By James Oliphant and Trevor Hunnicutt
NASHUA, New Hampshire – Joe Biden’s campaign held a victory party in a New Hampshire hotel ballroom on Tuesday evening. But there was no victory. And there was no Joe Biden.
Before the polls had even closed, the Democratic presidential hopeful had left New Hampshire, where he ultimately posted a fifth-place finish. The dismal performance came just eight days after the Iowa caucuses, where Biden finished fourth.
The back-to-back stumbles have created a difficult situation for Biden, who must perform well in upcoming contests in Nevada and South Carolina this month to show voters and donors that his candidacy remains viable.
David Hopkins, an expert in presidential campaigns at Boston College, said no candidate has ever gone on to win the Democratic nomination who finished lower than third place in Iowa and New Hampshire.
“Does Biden have the resources to sustain a comeback?,” said Hopkins. “It’s hard to tell in this trajectory whether you are going to bounce back or just keep going downhill.”
Vermont U.S. Senator Bernie Sanders won New Hampshire, followed by South Bend, Indiana Mayor Pete Buttigieg, Minnesota U.S. Senator Amy Klobuchar and Massachusetts U.S. Senator Elizabeth Warren.

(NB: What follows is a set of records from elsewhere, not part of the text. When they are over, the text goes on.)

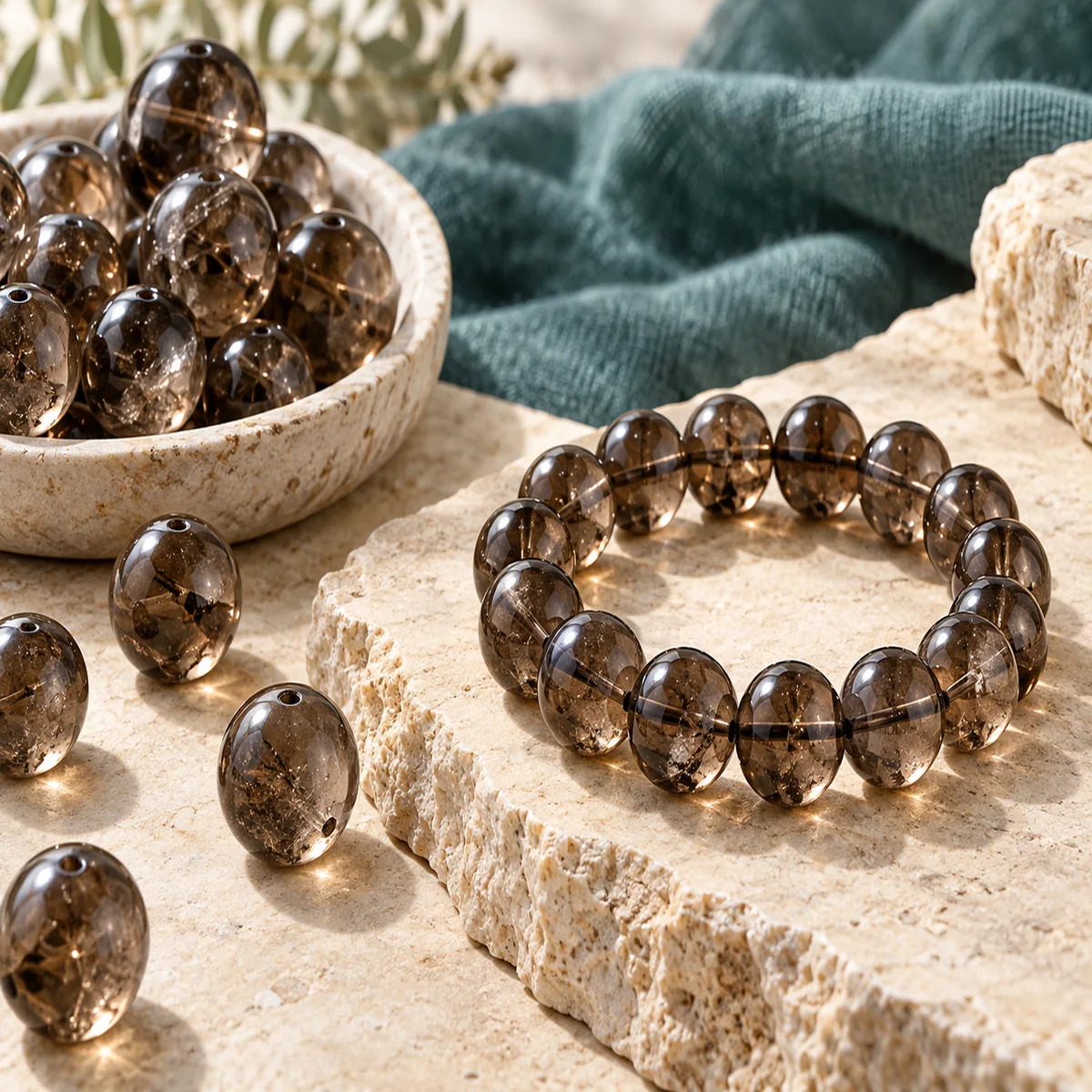 Smoky Quartz crystal bead material sample board
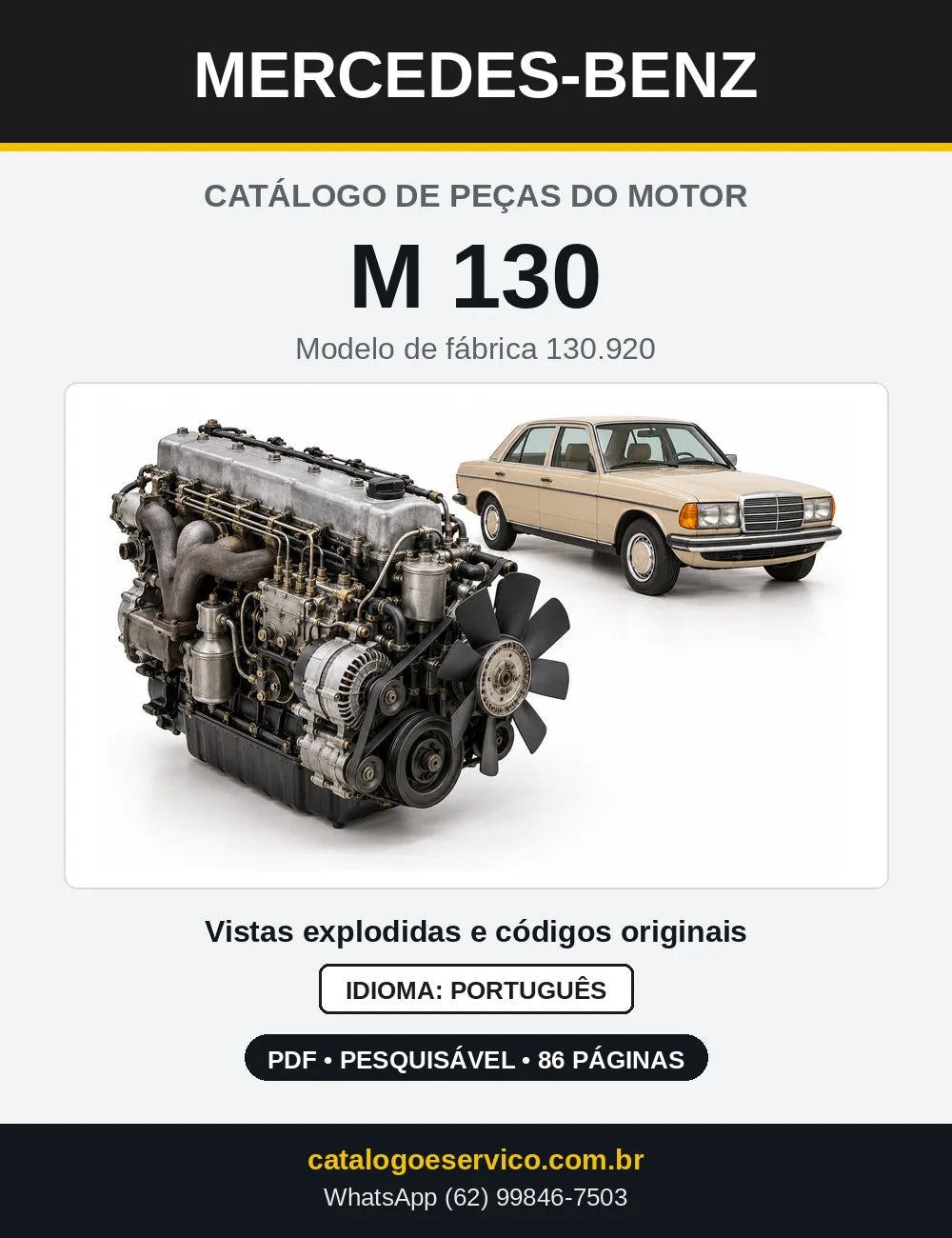 Capa do catálogo de peças do motor Mercedes-Benz M 130 em PDF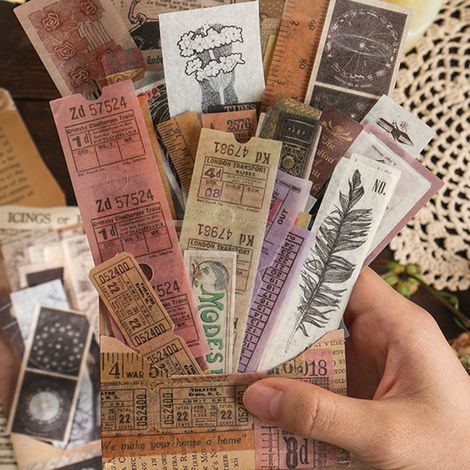 Stickers Scrapbooking Vintage Bibliothèque, Lot de 40 Autocollants Washi pour Journal, DIY et Carnet (1/5)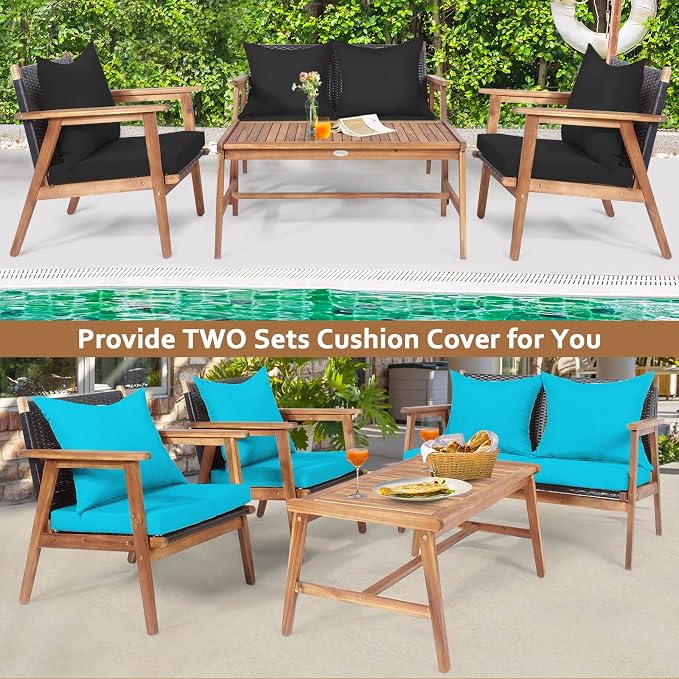 Tangkula 8-Piece Patio Furniture Set, Outdoor Acacia Wood Conversation Set with Cushions and Coffee Table, Turquoise & Black Cushion Cover Sets, Outdoor PE Wicker Sectional Sofa Set for Backyard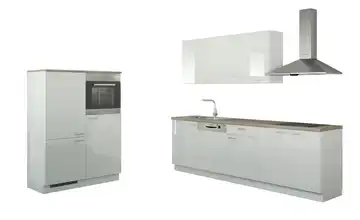 Küchenzeile ohne Elektrogeräten Chemnitz Weiß, Hochglanz Weiß Ausführung links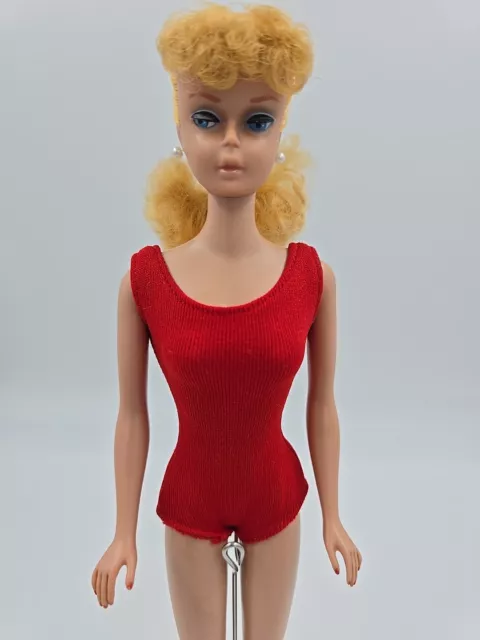 Vintage Golden Blonde Ponytail Barbie #5 or #6 in Original Swim Suit And Shoes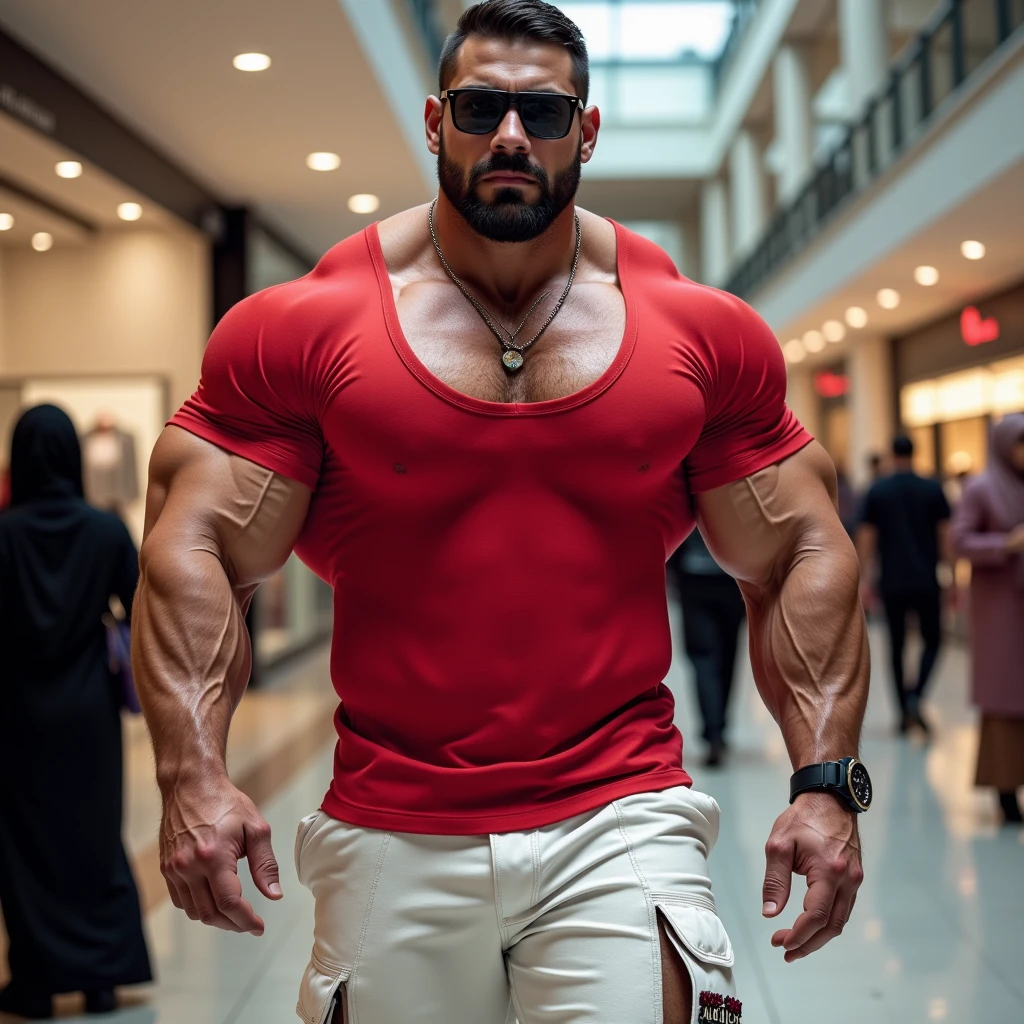 Handsome Indian pehlwan muscular hunk in tight formal red shirt black trouser with huge bulge wetty spot on bulge, doing shopping and drinking coffee from tumblr in shopping mall, head to thigh view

Biden, the affable former vice president, has tried to downplay his early struggles. Iowa and New Hampshire are small states with few delegates whose populations are overwhelmingly white and unrepresentative of the country overall, his campaign has argued.
The candidate is looking to Nevada and South Carolina, the next two states on the nominating calendar, to revive his fortunes. Nevada boasts large numbers of unionized workers and Latino voters. South Carolina has a heavy concentration of African-American voters, who have shown a strong affinity for Biden, the former running mate of Barack Obama, America’s first black president.
While Sanders, Buttigieg and a suddenly surging Klobuchar celebrated their strong showings in New Hampshire on Tuesday night, Biden headed to a rally in South Carolina.
“Up ’til now we haven’t heard from the most committed constituency in the Democratic Party, the African-American constituency,” Biden said in Columbia, the capital.
While Buttigieg and Klobuchar have emerged as formidable rivals to Biden in attracting moderate Democratic voters, they so far have attracted little support among Latinos or African Americans, whose votes will be critical to defeat incumbent Republican President Donald Trump in November. Sanders has attracted Latino support, but has yet to gain traction with black voters.
Biden has touted himself as the only candidate in the race capable of harnessing the Democrats’ diverse coalition. But that claim is being challenged by Mike Bloomberg, the billionaire former mayor of New York, who is skipping the four early contests to compete starting on Super Tuesday on March 3.
A national poll this week from Quinnipiac University showed Biden’s support among black Democrats, which stood at 51% in late January, has slid to 27%, while Bloomberg’s black support has climbed to 22% from 7% over the same period.
On a campaign strategy call on Wednesday, U.S. Representative Cedric Richmond, a co-chair of the Biden campaign, blasted Sanders, Buttigieg and Bloomberg, a former Republican, as too risky to trust with the nomination.
“We cannot afford to take a chance with a self-defined socialist, the mayor of a very small city, a billionaire who all of the sudden is a Democrat,” Richmond said.
Bloomberg, who has spent more than a quarter-billion dollars of his personal fortune on the campaign, is gunning for the same voters Biden will need in later contests in states such as California, Texas and North Carolina.
Biden has relied on traditional fundraisers more than his rivals, who have vibrant digital operations. Biden wrote a plea to donors on Wednesday that said “the donations I get today are the most important, most symbolic ones of the campaign.” He is expected to hold fundraisers in New York on Thursday.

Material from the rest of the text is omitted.